« Le soccer
reste un jeu »

Plusieurs joueurs choisissent la MLS pour des questions de sécurité

La ville argentine de Rosario, avec son million d’habitants, est coupée en deux. Une partie vibre pour le club de Newell’s Old Boys tandis que l’autre se pare aux couleurs bleu et jaune de Rosario Central. La rivalité est intense, féroce, et n’est pas toujours facile à vivre quand on y est l’un des protagonistes centraux.

« Quand tu perds, tu ne peux pas sortir de ta maison et, quand tu gagnes, tes partisans te font sentir comme le meilleur joueur du monde. Mais les fans de l’autre équipe, eux, te rayent la voiture, t’insultent et te font passer un mauvais quart d’heure », raconte Hernán Bernardello, joueur de Newell’s Old Boys entre 2006 et 2009, puis en 2015. 

« En Argentine, il y a beaucoup de violence, et le football ne déroge pas à la règle. Ça ne fait que refléter le climat général qui existe. »

— Hernán Bernardello

Cette ambiance délétère mène parfois à de profondes remises en question chez les joueurs (« Chaque fois qu’on doit prendre une décision quant à où aller jouer, cela influe », lance Bernardello). 

Victime d’un braquage d’automobile en octobre 2012, Diego Valeri a carrément quitté son club de toujours, Lanús, pour rejoindre les Timbers de Portland, dans la MLS. 

Aucune mésaventure semblable n’est arrivée à Hassoun Camara, mais les deux clubs précédents du défenseur montréalais – l’Olympique de Marseille et le SC Bastia – sont réputés pour leurs partisans passionnés. 

« Quand ça va mal, ça va très mal. Marseille est une institution et, quand on perd, on le ressent vraiment tout de suite dans la ville. Quand les supporteurs viennent te voir et t’appréhendent dans la rue, ils te demandent de réveiller tel ou tel joueur. » 

« Ce sont des choses délicates, mais à la fin, c’est la ferveur du foot. Jusqu’à un certain point, c’est agréable, mais si on dépasse certaines limites, ça devient inadmissible. »

— Hassoun Camara

« Ce qu’on voit à Marseille, avec de la délinquance faite envers certains joueurs, est unique en France, ajoute-t-il. On a souvent entendu parler de choses malheureuses comme des cambriolages ou des braquages de voiture. J’espère que ça n’arrivera jamais ici, mais je ne pense pas. Les mentalités sont quand même différentes, et l’histoire sportive est assez récente. »

En optant pour la MLS, Valeri et bien d’autres joueurs font le choix d’une certaine sécurité. La MLS est épargnée par toute cette gradation de violence même si, au fil des années, quelques rivalités ont pu se développer. L’an dernier, par exemple, Didier Drogba a eu maille à partir avec deux partisans particulièrement virulents des Red Bulls de New York.
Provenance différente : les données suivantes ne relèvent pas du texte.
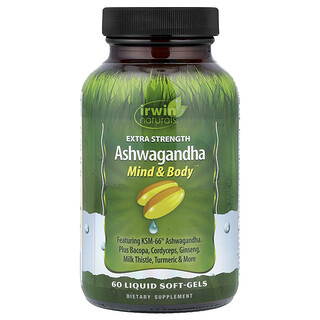 Irwin Naturals, Ashwagandha, 60 mit Flüssigkeit gefüllte Weichkapseln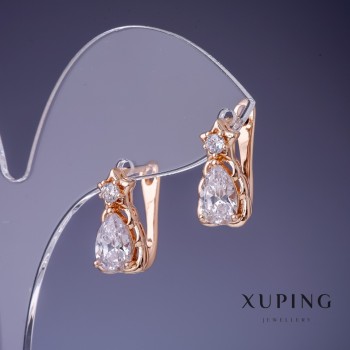 Xuping Earrings with White Crystals 16x8mm "18K Gold Plating"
Camara pointe aussi l’atmosphère qui règne désormais durant les matchs entre l’Impact et le Toronto FC. « En Argentine, il faudrait imiter un peu plus les fans de Montréal, du Canada ou des États-Unis, convient Bernardello. Il y a une certaine passion, mais gagne ou perd, ça reste un jeu. Demain est un autre jour, et personne ne perd la vie en raison d’un match. »

Incidents en série

Camara et Bernardello sont bien placés pour comprendre que certaines choses n’ont pas tourné très rond sur la planète soccer, ces dernières semaines. À Bastia, par exemple, une invasion de terrain par des partisans corses a récemment mené à l’agression de joueurs de l’Olympique Lyonnais.
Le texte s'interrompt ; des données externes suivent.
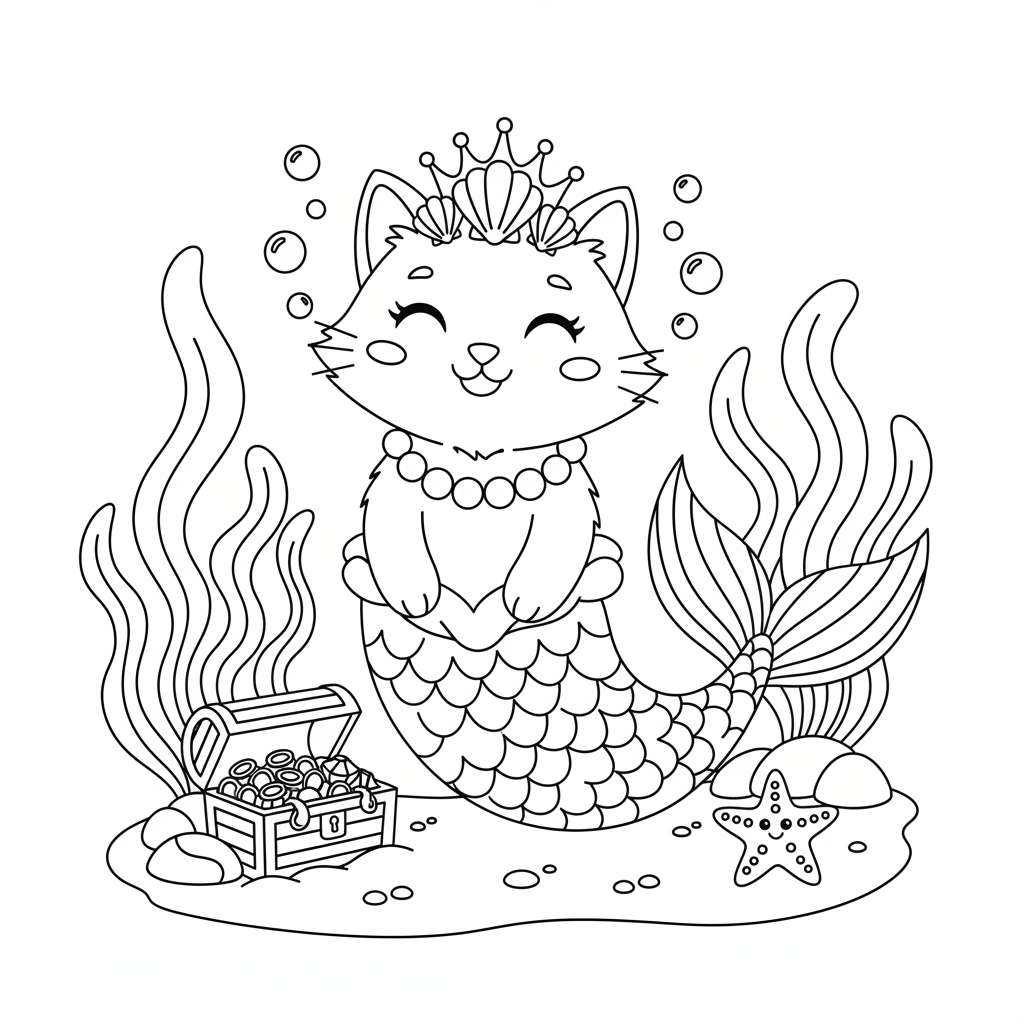 Coloriage coloriage chat sirene 3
Toujours en contact avec certains de ses anciens coéquipiers, Camara a déploré l’incident et ses conséquences publiques. « La passion, c’est bien, mais quand ça débouche sur des événements comme ça, c’est difficile à voir. J’espère que les choses s’amélioreront à ce niveau-là. Ce ne sont pas de belles images pour le soccer et sur ce qu’on renvoie à la société, particulièrement auprès des enfants. » 

Au même moment, à Cordoba, un partisan – qui a reconnu l’assassin de son frère dans les tribunes – a été rudoyé avant de perdre la vie après une chute de plusieurs mètres.

« Dans une nouvelle publicité, les joueurs de Belgrano et de Talleres [ndlr : les clubs de Cordoba] rappellent que tout le monde a des amis, de la famille ou des collègues qui appuient le club ennemi, et il n’y a pas de problème. Mais une fois dans le stade, ils veulent s’entretuer », conclut Bernardello en pestant.